家族のきずなって、とても強いですよね。家族のきずなは強いですから、裏切ったら大変なことになりますね。家族の信頼を裏切ってしまった。もう家族と一緒にいられない。家を出て行く。それは、きずなが強いから、そういうことにもなるわけですよね。

裏切った人が家族のもとに帰ってきたら。受け入れることができますか? よかったね、よくもどってきたね、って、笑顔で迎えられますか? 何事も無かったかのように、家族の生活をまた始めることができますか? むずかしいですね。きずなが強ければ強いほど、むずかしいことですよね。

わたしたち日本人の心の底には、先祖のDNAから受け継いだ「村八分の精神」が息づいている、と言われます。ふだんそんなこと、意識しないかもしれませんね。でも、家族の中で、近所の中で、クラスの中で、職場の中で、友人関係、親族関係の中で、信頼を裏切る人がいたならば、わたしたちはぴしゃりと心の扉を閉じて、もうつきあわない、言葉をかわさない、顔もみない、関係を断ってしまいます。よくあることです。どこででもあることですよね。

でも、そんなことじゃだめなんだ、というのが今日の福音です。だめなんですよ。今日の登場するザアカイという人は、みんなから嫌われていた人です。取税人という仕事をしていた人です。みんなから税金を集める仕事です。税金を集めるんだけど、バックに怖い人たちがついている、そういう立場です。当時、ユダヤの国は世界最強の軍隊、ローマ軍によって占領されていました。ザアカイはローマ軍のために税金を集めてたんです。
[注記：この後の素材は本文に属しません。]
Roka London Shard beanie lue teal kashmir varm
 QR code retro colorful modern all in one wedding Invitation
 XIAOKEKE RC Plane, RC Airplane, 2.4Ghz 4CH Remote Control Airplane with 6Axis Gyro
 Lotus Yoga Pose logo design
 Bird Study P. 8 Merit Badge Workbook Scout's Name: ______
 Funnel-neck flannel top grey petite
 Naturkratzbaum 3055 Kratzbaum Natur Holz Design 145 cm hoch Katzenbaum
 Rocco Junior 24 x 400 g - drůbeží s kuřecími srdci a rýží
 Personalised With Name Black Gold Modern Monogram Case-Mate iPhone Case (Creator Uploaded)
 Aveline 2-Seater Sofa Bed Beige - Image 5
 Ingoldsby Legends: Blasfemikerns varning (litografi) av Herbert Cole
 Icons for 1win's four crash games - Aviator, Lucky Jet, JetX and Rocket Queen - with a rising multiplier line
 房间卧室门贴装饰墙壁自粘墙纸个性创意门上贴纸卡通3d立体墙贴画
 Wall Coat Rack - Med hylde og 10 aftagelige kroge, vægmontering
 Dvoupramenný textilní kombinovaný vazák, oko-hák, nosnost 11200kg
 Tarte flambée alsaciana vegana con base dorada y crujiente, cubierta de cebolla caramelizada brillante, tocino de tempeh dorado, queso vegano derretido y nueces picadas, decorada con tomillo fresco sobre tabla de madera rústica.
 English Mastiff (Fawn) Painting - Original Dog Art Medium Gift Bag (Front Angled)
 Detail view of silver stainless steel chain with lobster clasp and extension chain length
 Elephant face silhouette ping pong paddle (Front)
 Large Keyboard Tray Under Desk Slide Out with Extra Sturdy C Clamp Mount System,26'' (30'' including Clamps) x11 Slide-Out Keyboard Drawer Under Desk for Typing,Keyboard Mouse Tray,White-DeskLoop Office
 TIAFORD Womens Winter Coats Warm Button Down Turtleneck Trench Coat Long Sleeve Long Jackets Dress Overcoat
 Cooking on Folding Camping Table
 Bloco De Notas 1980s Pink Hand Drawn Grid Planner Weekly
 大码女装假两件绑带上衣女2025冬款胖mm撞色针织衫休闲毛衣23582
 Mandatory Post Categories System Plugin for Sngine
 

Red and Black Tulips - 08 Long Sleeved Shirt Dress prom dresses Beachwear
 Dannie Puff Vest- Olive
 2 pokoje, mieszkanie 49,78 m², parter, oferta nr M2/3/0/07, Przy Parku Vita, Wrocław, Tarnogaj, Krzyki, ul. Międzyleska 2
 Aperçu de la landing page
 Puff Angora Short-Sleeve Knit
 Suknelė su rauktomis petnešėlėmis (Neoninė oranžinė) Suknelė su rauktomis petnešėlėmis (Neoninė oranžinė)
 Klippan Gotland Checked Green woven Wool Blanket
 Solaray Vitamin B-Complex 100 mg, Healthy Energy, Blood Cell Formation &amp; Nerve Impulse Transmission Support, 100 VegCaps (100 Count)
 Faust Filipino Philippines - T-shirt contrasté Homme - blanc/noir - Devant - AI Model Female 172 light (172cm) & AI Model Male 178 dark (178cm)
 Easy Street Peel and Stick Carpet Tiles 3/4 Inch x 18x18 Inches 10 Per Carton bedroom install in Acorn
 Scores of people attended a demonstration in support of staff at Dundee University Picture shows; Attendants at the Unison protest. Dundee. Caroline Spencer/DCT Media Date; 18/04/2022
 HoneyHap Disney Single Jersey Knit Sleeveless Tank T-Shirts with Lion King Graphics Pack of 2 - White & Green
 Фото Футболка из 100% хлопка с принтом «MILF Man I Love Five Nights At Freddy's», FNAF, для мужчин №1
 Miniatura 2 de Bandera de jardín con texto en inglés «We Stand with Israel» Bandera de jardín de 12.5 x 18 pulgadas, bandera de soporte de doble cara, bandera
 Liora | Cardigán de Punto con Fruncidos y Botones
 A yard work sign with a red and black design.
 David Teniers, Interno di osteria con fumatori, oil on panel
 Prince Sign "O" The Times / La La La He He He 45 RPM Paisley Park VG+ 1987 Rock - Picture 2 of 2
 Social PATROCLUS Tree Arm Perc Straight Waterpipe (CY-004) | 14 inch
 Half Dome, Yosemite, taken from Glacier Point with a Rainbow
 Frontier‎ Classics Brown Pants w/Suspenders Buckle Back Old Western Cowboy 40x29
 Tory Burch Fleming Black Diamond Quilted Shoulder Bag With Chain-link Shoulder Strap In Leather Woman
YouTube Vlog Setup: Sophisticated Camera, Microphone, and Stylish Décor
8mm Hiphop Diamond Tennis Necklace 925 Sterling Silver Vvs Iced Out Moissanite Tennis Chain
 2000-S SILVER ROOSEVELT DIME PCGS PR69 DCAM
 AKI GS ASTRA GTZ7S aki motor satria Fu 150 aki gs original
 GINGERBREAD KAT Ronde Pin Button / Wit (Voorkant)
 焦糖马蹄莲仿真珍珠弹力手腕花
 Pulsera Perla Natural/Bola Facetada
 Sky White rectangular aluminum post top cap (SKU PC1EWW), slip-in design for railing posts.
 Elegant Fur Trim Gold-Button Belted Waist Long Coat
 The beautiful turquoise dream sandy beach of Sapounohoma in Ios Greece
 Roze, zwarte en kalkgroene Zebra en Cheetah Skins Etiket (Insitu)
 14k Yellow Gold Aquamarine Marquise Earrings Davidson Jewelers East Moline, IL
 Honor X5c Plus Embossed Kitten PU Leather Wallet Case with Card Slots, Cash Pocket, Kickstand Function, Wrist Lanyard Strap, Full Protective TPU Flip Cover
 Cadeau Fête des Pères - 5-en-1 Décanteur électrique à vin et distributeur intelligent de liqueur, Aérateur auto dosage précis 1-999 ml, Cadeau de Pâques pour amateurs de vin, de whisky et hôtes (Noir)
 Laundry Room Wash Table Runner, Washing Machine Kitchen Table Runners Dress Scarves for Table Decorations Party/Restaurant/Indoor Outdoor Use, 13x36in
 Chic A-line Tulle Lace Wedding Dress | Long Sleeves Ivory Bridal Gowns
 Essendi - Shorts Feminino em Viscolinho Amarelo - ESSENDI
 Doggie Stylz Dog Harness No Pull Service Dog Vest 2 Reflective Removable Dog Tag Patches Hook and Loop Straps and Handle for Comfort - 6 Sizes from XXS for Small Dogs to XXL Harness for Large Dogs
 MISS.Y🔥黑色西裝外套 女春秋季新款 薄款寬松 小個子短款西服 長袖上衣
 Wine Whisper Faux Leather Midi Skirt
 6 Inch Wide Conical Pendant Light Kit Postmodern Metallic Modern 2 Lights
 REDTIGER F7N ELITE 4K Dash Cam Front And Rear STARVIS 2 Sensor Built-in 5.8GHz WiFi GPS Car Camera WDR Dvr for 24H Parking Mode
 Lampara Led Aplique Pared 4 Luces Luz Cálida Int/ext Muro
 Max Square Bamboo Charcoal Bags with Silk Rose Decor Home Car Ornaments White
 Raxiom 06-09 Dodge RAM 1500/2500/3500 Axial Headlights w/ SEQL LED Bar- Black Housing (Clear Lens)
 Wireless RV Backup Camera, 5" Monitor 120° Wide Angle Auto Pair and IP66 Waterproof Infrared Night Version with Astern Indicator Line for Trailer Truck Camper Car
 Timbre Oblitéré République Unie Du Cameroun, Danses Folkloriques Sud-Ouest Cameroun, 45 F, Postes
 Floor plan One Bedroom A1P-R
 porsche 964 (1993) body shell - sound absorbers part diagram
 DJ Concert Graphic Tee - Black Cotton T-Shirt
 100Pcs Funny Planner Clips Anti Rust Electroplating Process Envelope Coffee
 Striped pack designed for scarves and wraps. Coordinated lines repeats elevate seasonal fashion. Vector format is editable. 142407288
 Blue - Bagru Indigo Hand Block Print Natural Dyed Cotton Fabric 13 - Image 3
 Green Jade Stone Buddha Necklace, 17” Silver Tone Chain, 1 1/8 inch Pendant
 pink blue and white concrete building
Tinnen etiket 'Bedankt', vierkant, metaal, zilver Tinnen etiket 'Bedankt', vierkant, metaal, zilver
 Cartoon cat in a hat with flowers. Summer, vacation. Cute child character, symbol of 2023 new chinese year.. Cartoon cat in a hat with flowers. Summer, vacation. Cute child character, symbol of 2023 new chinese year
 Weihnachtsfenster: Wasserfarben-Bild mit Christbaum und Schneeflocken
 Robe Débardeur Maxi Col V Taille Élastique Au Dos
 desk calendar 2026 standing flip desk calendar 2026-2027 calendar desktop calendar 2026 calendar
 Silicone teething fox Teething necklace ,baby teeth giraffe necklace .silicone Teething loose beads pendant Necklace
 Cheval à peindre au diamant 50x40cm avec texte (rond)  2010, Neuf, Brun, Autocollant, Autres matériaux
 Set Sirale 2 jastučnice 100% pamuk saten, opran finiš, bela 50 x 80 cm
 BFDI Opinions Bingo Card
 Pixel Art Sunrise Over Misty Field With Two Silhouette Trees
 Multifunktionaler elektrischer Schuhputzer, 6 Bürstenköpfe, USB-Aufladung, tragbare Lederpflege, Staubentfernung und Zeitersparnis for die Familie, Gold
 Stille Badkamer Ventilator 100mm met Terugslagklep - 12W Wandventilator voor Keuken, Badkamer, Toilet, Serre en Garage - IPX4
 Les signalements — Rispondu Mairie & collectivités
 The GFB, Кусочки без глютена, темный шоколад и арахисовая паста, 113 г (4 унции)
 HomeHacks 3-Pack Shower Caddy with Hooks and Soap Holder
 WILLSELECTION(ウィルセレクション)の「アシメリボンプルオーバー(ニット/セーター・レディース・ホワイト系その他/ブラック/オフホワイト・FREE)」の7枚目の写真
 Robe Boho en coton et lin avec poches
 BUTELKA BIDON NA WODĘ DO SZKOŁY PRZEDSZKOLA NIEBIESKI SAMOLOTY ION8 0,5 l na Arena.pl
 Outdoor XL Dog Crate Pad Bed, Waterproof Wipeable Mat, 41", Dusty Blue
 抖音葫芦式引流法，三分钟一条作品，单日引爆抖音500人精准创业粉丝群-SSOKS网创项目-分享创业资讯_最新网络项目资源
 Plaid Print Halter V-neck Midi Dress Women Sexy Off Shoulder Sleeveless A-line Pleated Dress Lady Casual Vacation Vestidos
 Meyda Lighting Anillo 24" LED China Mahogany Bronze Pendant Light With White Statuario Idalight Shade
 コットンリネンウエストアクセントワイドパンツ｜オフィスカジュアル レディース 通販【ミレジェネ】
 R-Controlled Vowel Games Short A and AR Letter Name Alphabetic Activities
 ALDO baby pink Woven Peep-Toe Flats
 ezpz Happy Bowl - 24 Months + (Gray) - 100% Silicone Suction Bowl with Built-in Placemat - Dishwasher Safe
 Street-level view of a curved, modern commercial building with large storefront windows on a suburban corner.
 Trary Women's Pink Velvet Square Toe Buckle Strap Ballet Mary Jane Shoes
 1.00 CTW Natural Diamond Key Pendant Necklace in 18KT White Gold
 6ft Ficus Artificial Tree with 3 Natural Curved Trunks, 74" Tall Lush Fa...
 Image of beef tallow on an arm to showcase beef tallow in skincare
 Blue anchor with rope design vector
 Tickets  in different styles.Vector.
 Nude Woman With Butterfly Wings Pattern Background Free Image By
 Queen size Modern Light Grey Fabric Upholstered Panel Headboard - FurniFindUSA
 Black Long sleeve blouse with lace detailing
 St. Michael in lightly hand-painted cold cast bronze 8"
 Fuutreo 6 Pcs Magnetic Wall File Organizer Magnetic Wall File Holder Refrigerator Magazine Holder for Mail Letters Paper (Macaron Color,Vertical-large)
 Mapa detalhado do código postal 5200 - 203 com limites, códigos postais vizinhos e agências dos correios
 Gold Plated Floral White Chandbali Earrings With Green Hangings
税金を払わないやつがいたら、兵隊たちを呼んで「兄さんがた、こいつをとっちめてやってくだせえ」ってボコボコにしてもらえたんです。ザアカイがどんなに強気に出てたか、想像できますよね。みんな何も言えないことをいいことに、ザアカイは税金を上乗せして請求していました。上乗せ分は全部自分のポケットに入れてたんです。とんでもないやつですね。ローマ軍、外国の手先、祖国の裏切り者です。村八分にされて当然じゃないですか?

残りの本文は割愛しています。